## EXERCISE DATA:
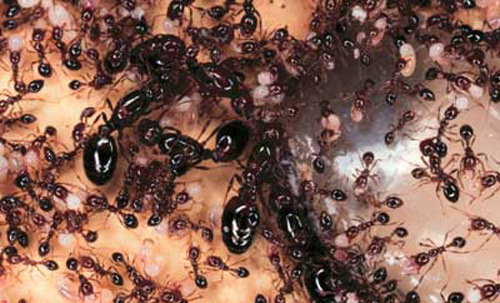 Polygyne colony of the red imported fire ant, Solenopsis invicta Buren.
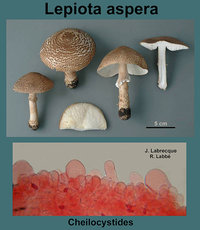 Lepiota aspera   Lépiote épineuse.jpg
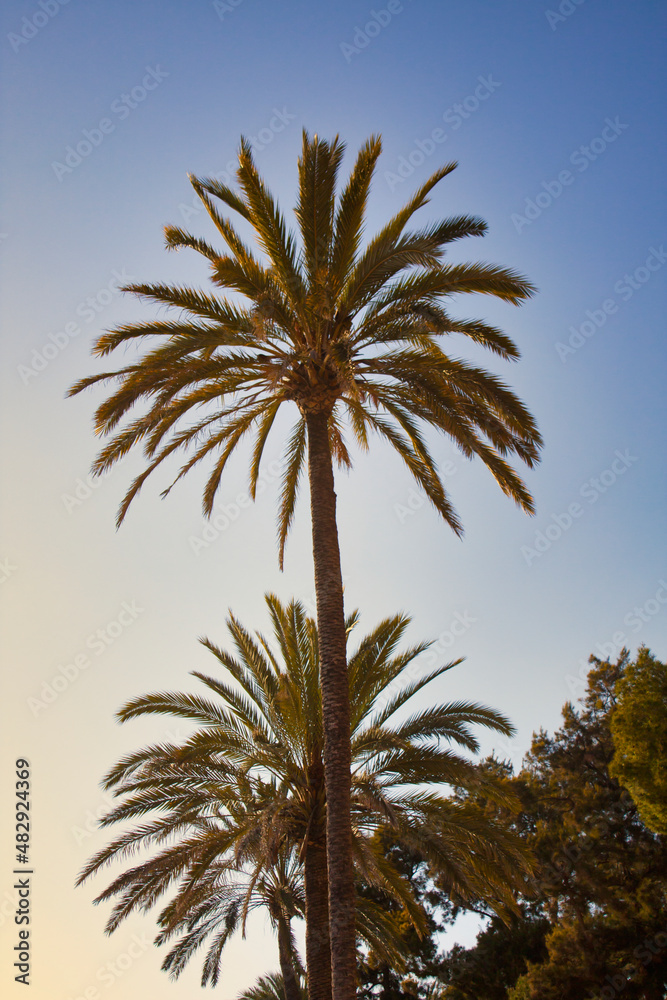 Palm trees in backlight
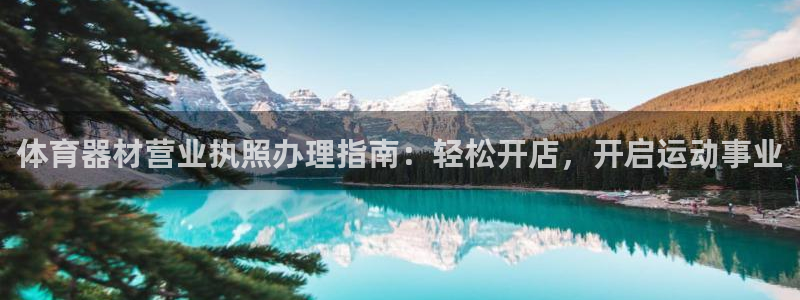 长征三国官网：体育器材营业执照办理指南：轻松开店，开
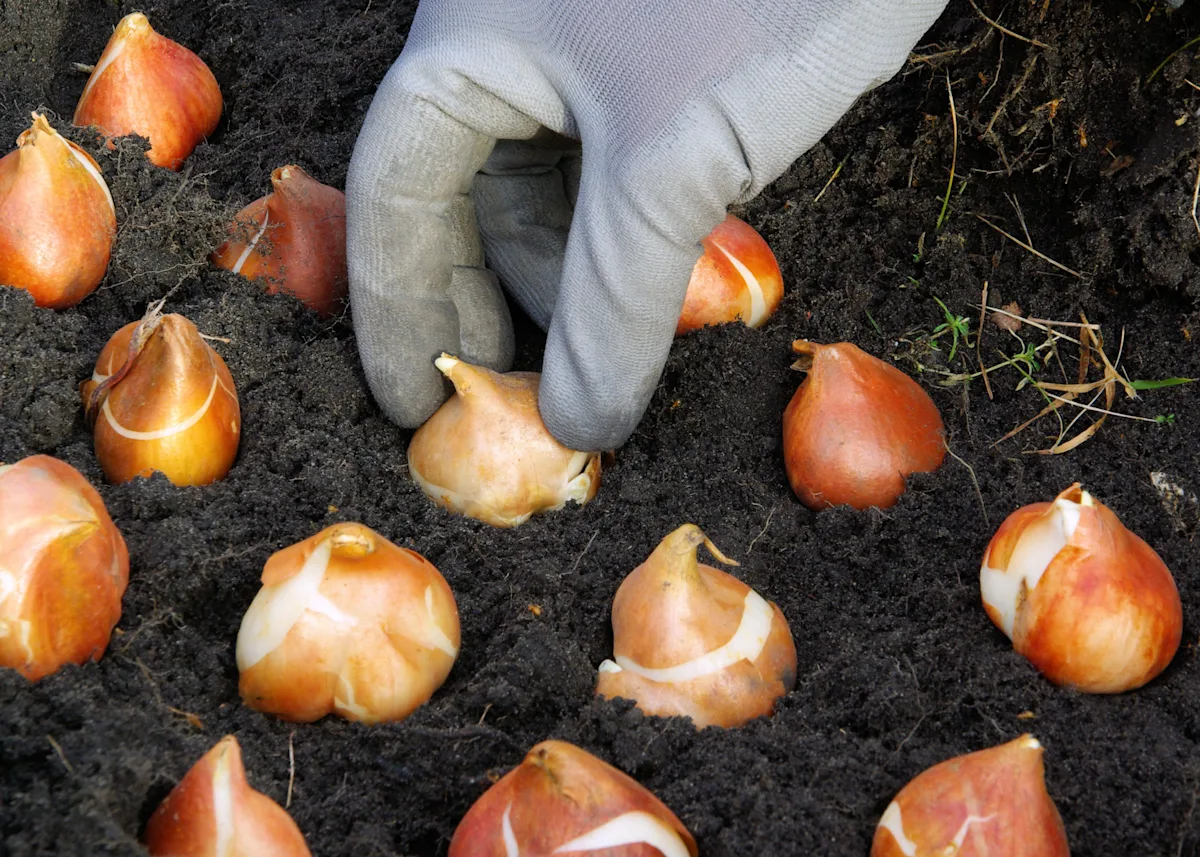 planting flower bulbs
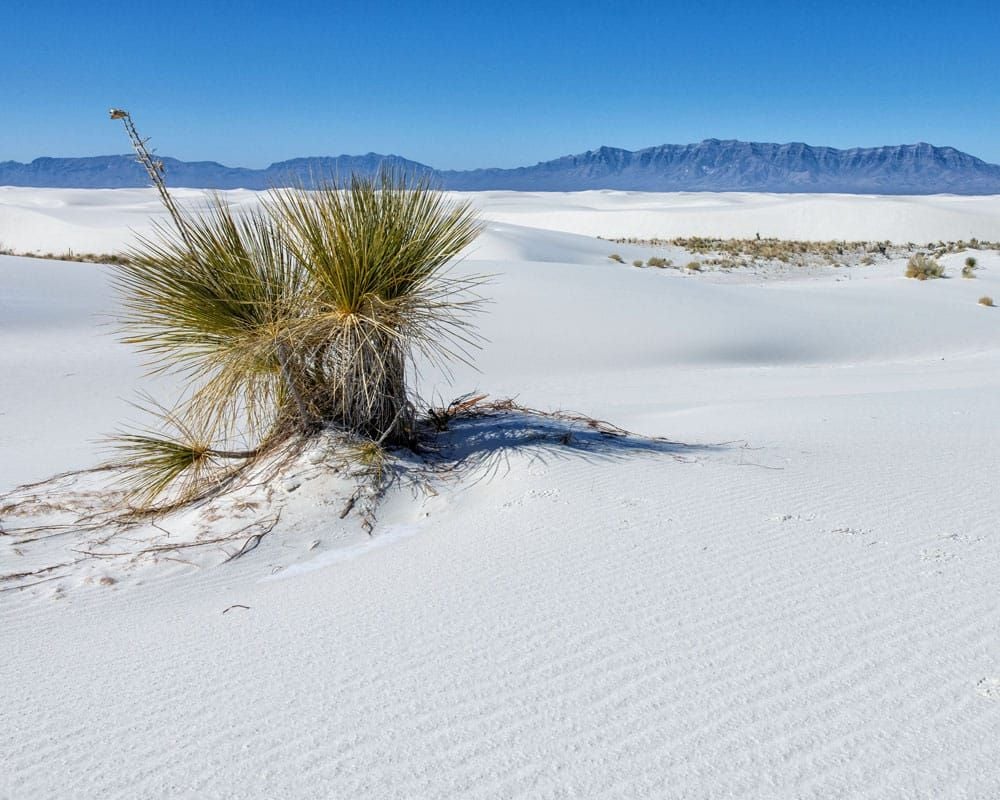 White Sands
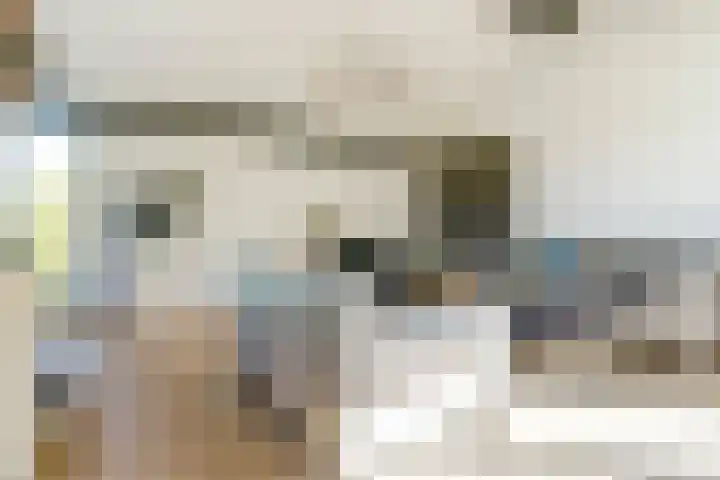 Rijnstraat 16 Driel thumbnail 20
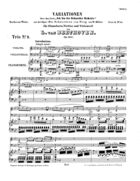 Variationen über das Lied 'Ich bin der Schneider Kakadu,' Trio No. 9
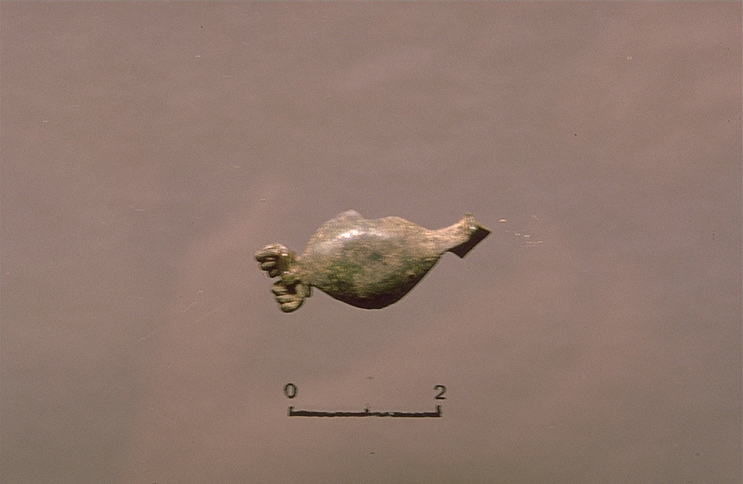 Fibule (Feugère 11 C)_0
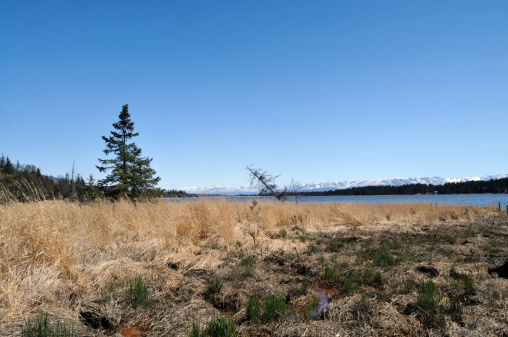 A landscape across the wetlands and marsh looking over Kachemak Bay to the Kenai Mountains. A weathered Spruce tree is leaning while a healthy tree stands upright.
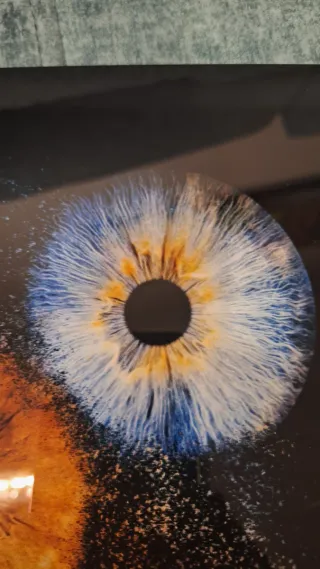 Cuadro Metacrilato Iris Gallery Duo Original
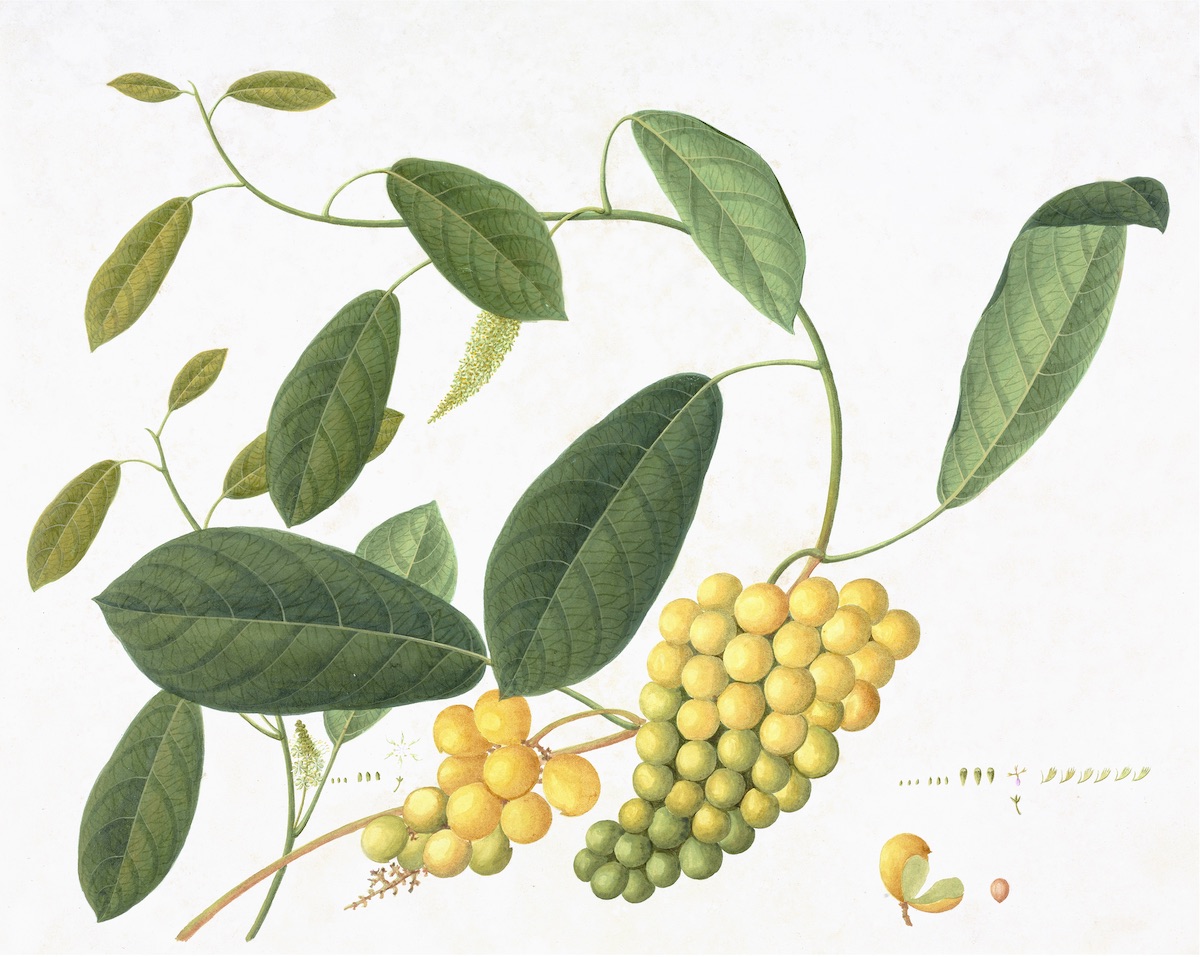 CHINESE FRUIT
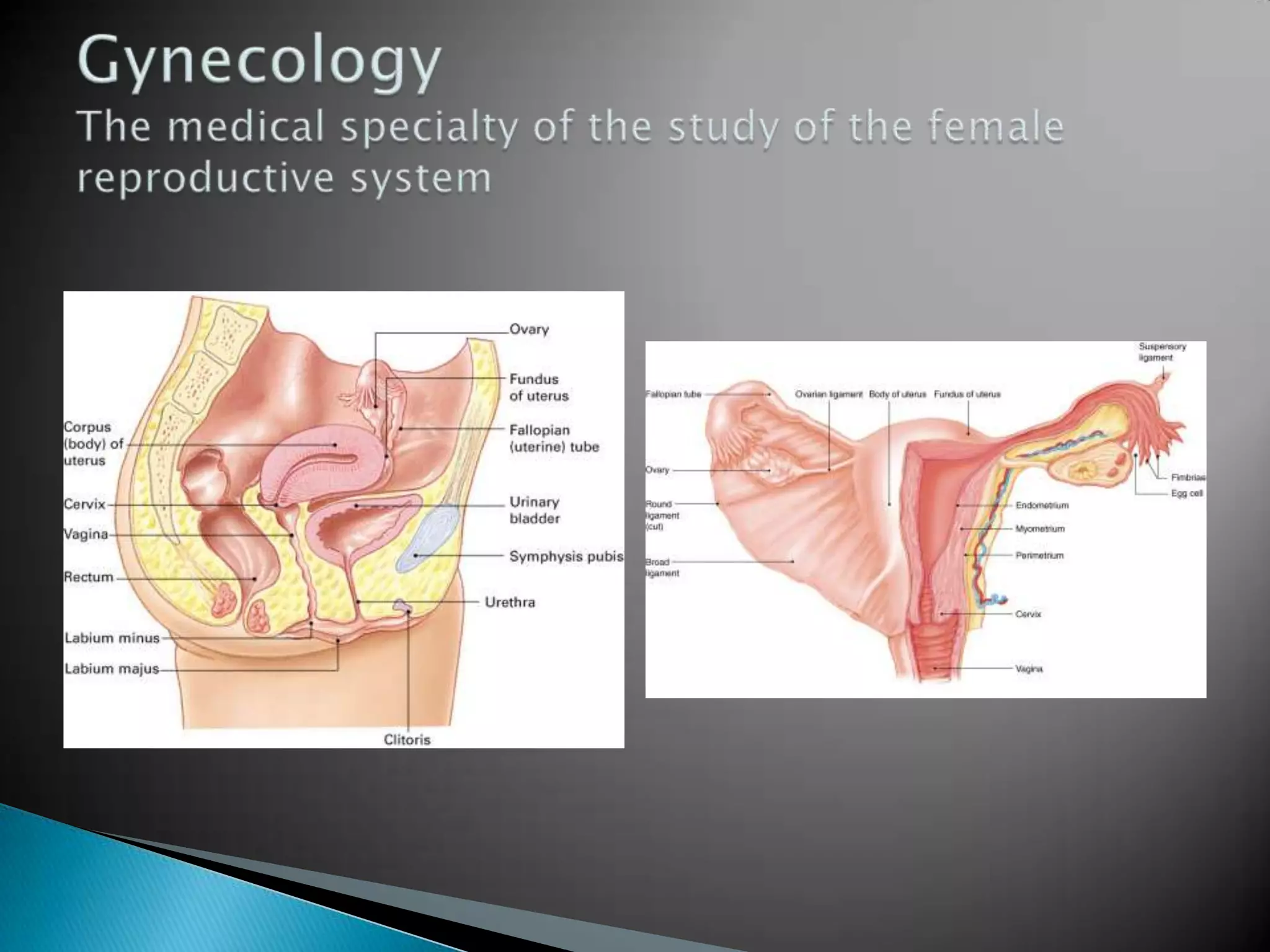 GynecologyThe medical specialty of the study of the female reproductive system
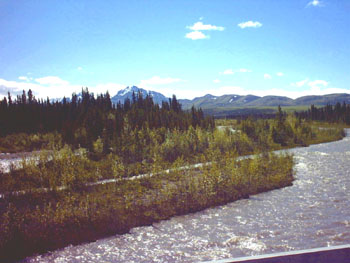 2005 - Part 2 - Alaska Phase I - 03 Denali National Park 02 AK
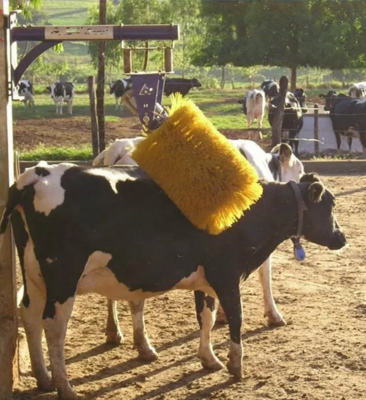 Motorised Cow Brush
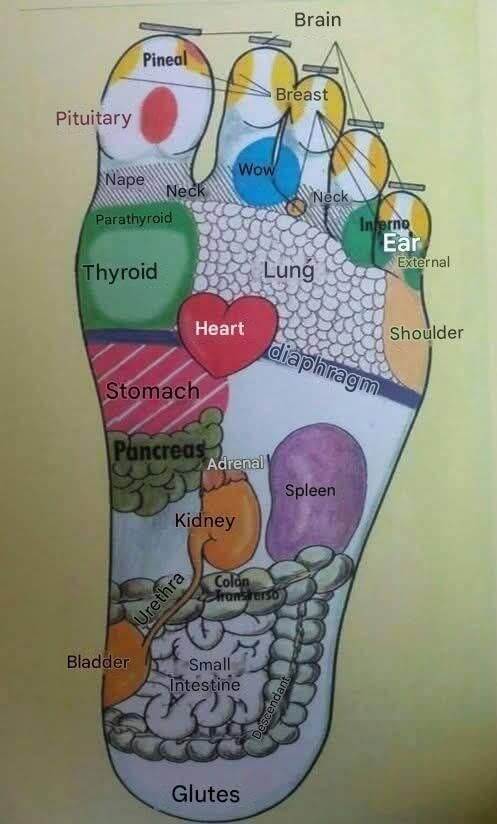 Put Oil on the Soles of Your Feet: An Ancient Practice with Surprising Benefits 1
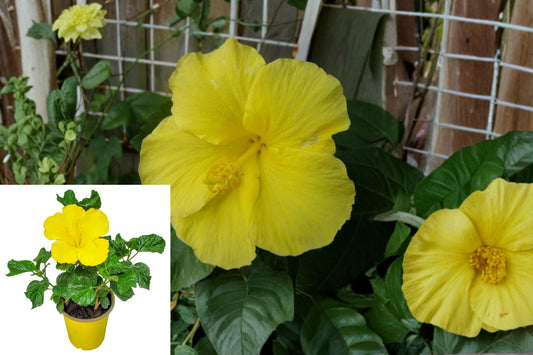 Fort Myers Yellow Tropical Hibiscus 2 Bare Root Plants – Hibiscus rosa-sinensis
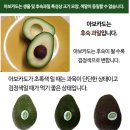 🥭 태추단감 💚 빅 샤인머스캣 🍇 머루포도 🥑 아보카도 🍐 황금배 🍑 양홍장 황도복숭아 🍊 하우스 귤 🍎 시나노골드 이미지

## WORK ITEM:
Please return only the lines running from the line with "Fort Myers Yellow" to the final line of the data, both included, exactly and without any pictures.

## EXERCISE ANSWER:
 Fort Myers Yellow Tropical Hibiscus 2 Bare Root Plants – Hibiscus rosa-sinensis
 🥭 태추단감 💚 빅 샤인머스캣 🍇 머루포도 🥑 아보카도 🍐 황금배 🍑 양홍장 황도복숭아 🍊 하우스 귤 🍎 시나노골드 이미지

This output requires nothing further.